The Italian guerrilla war in Ethiopia was a conflict fought from the summer of 1941 to the autumn of 1943 by remnants of Italian troops in Ethiopia and Somalia, in a short-lived attempt to re-establish Italian East Africa. The guerrilla campaign was fought following the Italian defeat during the East African Campaign of World War II, while the war was still raging in Northern Africa and Europe.

Background

By the time Haile Selassie, the Emperor of Ethiopia, entered Addis Ababa triumphantly in May 1941, the military defeat of Mussolini's forces in Ethiopia by the combined armies of Ethiopian partisans and Allied troops (mostly from the British Empire) was assured. When General Guglielmo Nasi surrendered with military honors the last troops of the Italian colonial army in East Africa at Gondar in November 1941, many of his personnel decided to start a guerrilla war in the mountains and deserts of Ethiopia, Eritrea and Somalia. Nearly 7,000 Italian soldiers (according to the historian Alberto Rosselli) participated in the guerilla campaign in the hope that the German-Italian army of Rommel would win in Egypt (making the Mediterranean an Italian Mare Nostrum) and recapture the recently liberated territories. A portion of the Imperial War Museum website on the Italian defeat in East Africa notes that 'several thousand [Italian soldiers] escaped to wage a guerrilla war until September 1943, when Italy surrendered to the Allies.'

Prelude

There were originally two main Italian guerrilla organizations: the Fronte di Resistenza (Front of Resistance) and the Figli d'Italia (Sons of Italy). The Fronte di Resistenza was a military organization led by Colonel Lucchetti and centered in the main cities of the former Italian East Africa.  Its main activities were military sabotage and collection of information about Allied troops to be sent to Italy in multiple ways. The Figli d'Italia organization was formed in September 1941 by Blackshirts of the "Milizia Volontaria per la Sicurezza Nazionale" (a fascist organization of volunteer soldiers).  They engaged in a guerrilla war against the Allied troops and harassed Italian civilians and colonial soldiers (askaris) that had been dubbed "traitors" for co-operating with the Allied and Ethiopian forces.

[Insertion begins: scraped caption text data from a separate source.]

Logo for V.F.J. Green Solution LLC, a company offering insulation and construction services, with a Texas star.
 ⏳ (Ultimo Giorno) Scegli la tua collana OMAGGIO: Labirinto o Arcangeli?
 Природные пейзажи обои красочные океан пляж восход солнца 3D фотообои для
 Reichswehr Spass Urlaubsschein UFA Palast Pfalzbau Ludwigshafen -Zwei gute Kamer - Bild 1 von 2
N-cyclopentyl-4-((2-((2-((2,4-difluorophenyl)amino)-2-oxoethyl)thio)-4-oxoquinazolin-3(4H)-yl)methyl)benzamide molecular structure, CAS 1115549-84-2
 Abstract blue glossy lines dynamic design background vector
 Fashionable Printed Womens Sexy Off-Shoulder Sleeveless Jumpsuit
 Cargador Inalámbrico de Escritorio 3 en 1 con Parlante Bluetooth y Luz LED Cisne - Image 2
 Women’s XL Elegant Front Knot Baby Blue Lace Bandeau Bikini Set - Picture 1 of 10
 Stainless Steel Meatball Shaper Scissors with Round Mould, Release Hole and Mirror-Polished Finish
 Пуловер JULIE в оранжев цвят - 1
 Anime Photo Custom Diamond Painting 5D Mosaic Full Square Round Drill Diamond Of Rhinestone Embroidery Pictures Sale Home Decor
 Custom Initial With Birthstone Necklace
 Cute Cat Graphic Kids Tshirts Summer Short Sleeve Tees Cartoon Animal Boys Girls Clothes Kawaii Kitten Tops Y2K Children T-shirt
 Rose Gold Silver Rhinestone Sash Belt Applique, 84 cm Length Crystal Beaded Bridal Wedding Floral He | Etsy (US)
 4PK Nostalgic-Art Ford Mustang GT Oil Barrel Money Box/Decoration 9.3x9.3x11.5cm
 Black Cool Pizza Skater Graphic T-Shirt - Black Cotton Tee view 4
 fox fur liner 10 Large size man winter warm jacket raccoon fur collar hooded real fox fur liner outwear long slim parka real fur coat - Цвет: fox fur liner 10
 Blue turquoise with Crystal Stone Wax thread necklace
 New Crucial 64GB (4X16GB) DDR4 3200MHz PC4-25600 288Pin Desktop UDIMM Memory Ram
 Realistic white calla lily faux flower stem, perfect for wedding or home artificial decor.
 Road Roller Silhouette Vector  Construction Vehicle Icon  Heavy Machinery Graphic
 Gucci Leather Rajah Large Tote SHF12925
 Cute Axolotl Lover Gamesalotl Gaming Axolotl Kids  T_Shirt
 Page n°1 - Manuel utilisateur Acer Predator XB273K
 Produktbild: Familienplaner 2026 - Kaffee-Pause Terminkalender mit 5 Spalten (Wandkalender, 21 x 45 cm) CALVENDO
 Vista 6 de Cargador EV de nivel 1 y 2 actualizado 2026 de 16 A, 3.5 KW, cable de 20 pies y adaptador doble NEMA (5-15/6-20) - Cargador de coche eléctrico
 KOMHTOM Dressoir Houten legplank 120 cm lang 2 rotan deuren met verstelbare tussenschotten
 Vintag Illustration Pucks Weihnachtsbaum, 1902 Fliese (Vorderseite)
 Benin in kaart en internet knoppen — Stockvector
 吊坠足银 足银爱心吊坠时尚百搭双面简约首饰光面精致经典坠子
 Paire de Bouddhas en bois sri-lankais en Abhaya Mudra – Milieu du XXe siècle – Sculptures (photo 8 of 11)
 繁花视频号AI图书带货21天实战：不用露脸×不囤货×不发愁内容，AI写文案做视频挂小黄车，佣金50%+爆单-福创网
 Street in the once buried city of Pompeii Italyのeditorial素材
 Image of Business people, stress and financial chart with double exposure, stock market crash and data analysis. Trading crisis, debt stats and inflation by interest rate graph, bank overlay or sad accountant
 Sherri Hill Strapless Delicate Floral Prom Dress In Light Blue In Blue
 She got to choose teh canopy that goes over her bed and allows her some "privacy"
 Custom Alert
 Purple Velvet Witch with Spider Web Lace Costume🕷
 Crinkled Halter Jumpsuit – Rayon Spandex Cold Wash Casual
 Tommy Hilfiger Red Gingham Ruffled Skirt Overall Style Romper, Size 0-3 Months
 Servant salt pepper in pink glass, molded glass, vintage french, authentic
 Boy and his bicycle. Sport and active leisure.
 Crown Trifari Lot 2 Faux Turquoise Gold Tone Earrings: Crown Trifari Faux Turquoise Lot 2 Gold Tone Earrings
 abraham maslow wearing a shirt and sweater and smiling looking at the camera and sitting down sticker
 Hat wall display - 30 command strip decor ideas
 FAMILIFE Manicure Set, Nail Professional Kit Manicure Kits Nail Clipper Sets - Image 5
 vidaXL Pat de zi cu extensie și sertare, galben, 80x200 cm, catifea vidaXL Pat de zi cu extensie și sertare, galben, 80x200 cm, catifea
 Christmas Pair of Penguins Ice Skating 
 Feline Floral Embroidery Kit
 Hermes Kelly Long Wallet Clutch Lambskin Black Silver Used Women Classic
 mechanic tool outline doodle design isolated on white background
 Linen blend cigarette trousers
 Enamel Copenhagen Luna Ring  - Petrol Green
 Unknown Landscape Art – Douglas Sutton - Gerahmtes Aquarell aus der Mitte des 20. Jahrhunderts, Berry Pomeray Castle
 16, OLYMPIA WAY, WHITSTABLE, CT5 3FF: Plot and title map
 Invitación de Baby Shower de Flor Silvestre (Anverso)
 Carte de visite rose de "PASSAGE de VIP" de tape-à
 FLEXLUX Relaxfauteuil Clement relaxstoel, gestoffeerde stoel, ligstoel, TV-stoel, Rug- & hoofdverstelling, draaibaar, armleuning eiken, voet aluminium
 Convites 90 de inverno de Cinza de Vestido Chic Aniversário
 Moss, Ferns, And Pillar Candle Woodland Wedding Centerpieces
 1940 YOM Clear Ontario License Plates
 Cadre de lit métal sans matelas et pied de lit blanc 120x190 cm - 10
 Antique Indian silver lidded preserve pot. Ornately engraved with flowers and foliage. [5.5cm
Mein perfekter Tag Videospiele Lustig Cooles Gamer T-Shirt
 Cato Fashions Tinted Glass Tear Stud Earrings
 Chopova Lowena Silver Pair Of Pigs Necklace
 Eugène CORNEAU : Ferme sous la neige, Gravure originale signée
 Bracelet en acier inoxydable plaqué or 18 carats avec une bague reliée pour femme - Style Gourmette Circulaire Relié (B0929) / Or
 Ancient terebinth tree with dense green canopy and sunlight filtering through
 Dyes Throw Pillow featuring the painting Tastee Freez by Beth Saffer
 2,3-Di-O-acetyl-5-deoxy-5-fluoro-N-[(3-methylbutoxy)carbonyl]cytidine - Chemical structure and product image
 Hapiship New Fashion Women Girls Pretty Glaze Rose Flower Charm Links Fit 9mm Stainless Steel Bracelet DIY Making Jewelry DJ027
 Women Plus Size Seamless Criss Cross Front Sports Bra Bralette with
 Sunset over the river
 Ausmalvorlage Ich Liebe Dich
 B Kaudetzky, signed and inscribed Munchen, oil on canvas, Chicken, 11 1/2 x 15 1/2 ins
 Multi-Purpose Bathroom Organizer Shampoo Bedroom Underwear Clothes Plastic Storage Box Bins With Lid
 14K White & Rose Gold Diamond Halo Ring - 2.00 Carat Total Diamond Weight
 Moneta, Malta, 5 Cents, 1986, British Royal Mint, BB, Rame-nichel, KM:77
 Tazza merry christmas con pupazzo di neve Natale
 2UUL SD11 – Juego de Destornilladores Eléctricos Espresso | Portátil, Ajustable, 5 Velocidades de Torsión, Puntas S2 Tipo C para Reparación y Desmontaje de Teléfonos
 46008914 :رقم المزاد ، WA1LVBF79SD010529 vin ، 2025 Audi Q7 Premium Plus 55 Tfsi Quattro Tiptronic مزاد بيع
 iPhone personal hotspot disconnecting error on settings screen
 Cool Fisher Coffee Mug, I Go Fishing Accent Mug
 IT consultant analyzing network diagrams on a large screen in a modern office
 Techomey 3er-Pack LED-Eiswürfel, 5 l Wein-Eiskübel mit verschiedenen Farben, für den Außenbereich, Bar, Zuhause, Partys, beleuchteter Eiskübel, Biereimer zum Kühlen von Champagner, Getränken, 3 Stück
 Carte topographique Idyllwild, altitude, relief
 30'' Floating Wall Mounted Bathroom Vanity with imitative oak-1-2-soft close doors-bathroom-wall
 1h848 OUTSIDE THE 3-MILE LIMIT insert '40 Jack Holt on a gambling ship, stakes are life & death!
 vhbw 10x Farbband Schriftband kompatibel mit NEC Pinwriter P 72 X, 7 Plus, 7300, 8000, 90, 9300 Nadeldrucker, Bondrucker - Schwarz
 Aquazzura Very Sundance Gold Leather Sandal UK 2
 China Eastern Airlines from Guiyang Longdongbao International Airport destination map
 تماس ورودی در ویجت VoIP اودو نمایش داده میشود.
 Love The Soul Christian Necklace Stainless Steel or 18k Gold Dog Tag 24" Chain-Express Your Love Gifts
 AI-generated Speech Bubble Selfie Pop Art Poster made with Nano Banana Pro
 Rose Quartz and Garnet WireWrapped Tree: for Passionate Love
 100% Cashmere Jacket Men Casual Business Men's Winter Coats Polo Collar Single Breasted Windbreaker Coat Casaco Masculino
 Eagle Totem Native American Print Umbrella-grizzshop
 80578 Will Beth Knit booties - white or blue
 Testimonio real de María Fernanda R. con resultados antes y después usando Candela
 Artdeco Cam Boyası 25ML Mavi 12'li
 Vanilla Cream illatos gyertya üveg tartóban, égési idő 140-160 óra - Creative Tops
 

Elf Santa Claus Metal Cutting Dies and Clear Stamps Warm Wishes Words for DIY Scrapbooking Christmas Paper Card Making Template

Other groups were the "Tigray" fighters of Lieutenant Amedeo Guillet in Eritrea and the guerrilla group of Major Gobbi based at Dessie.  From the beginning of 1942 there was a guerilla group in Eritrea, under the command of Captain Aloisi, which was dedicated to helping Italians to escape from the British prisoner of war camps of Asmara and Decameré. In the first months of 1942 (because of the August 1940 Italian invasion of British Somaliland), there were also Italian guerrillas in British Somaliland.

While essentially on their own, the guerrillas occasionally received support and encouragement from mainland Italy. On 9 May 1942, the Regia Aeronautica staged a long-range twenty-eight-hour Savoia-Marchetti SM.75 flight over Asmara, dropping propaganda leaflets telling Italian colonists that Rome had not forgotten them and would return. On May 23, 1943, two SM.75s made another long-range flight to attack the American airfield at Gura. One craft encountered fuel difficulties and instead bombed Port Sudan; both aircraft successfully hit their targets and returned to Rhodes, accomplishing a significant propaganda victory.

There were several Eritreans and Somalis (and even a few Ethiopians) who provided aid to the Italian guerrillas. But their numbers dwindled after the Axis defeat at the battle of El Alamein in 1942.

These guerrilla units (called Bande in Italian) were able to operate in a very extended area, from northern Eritrea to southern Somalia. Their armament was made up mainly of old "91" rifles, Beretta pistols, Fiat and Schwarzlose machine-guns, hand grenades, dynamite and even some small 65 mm cannons. But they always lacked large amounts of ammunition.

Guerrilla war

From January 1942, many of these "Bande" started to operate under the coordinated orders of General Muratori (commander of the fascist "Milizia").  He was able to encourage a revolt against the Allied forces by the Azebo Oromo tribe in northern Ethiopia, who had a history of rebellion. The revolt was put down by Allied forces operating alongside the Ethiopian army only at the beginning of 1943.

In spring 1942, even Haile Selassie I (who stated in his autobiography that "the Italians have always been the bane of the Ethiopian people") started to open diplomatic channels of communication with the Italian insurgents, allegedly because he was impressed by the victory of Rommel in Tobruk, Libya. Major Lucchetti declared (after the guerrilla war) that the Emperor, if the Axis had reached Ethiopia, was ready to accept an Italian protectorate with these conditions:
 a total amnesty for all the Ethiopians sentenced by Italy
 the presence of Ethiopians in all levels of the administration
 the participation of Emperor Haile Selassie in the future government of the protectorate.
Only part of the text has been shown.